FIG. 2 is a conceptual diagram for describing a display device capable of recognizing a fingerprint according to an embodiment of the present invention.
Referring to FIG. 2, the display device capable of recognizing a fingerprint according to an embodiment of the present invention includes a cover layer 10, a linear polarization layer 30, a phase delay substrate 50, a plurality of pixels 70, a photo sensor 90, and a circular polarizer 100.
The display device capable of recognizing a fingerprint according to embodiment of the present invention illustrated in FIG. 2 further includes the circular polarizer 100 as compared with the display device illustrated in FIG. 1. Accordingly, the cover layer 10, the linear polarization layer 30, the phase delay substrate 50, the plurality of pixels 70, and the photo sensor 90 are replaced with the contents described in FIG. 1.
The circular polarizer 100 is disposed on the photo sensor 90. The circular polarizer 100 may be disposed at a predetermined interval from the top of the photo sensor 90 or disposed in contact with the top of the photo sensor 90. When the circular polarizer 100 and the photo sensor 90 are spaced apart from each other by a predetermined interval, a predetermined optical layer(s) may be disposed between the circular polarizer 100 and the photo sensor 90.

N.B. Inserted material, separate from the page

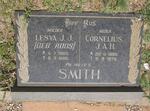SMITH Cornelius J.A.H. 1888-1978 & Lesya J.J. ROOS 1890-1969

The circular polarizer 100 is disposed below the reflective surface 60. The circular polarizer 100 may receive the internal optical noise signal emitted from each pixel 90 and reflected on the reflective surface 60. Further, the circular polarizer 100 may receive the optical signal emitted from each pixel 90 and reflected on the fingerprint F.
The circular polarizer 100 is disposed between the reflective surface 60 and the photo sensor 90.
The circular polarizer 100 as a sheet type may be attached to a front surface of the photo sensor 90 or a backside of the display panel.
The circular polarizer 100 includes a plurality of circular polarization units 100 a and 100 b. The number of plurality of circular polarization units 100 a and 100 b may be equal to the number of a plurality of photo sensor pixels 90 a and 90 b of the photo sensor 90.
The plurality of circular polarization units 100 a and 100 b may correspond to the plurality of photo sensor pixels 90 a and 90 b one to one. That is, one photo sensor pixel may be disposed under one circular polarization unit. However, this is just one example and one circular polarization unit may be disposed on two or more photo sensor pixels according to a design of the circular polarizer 100.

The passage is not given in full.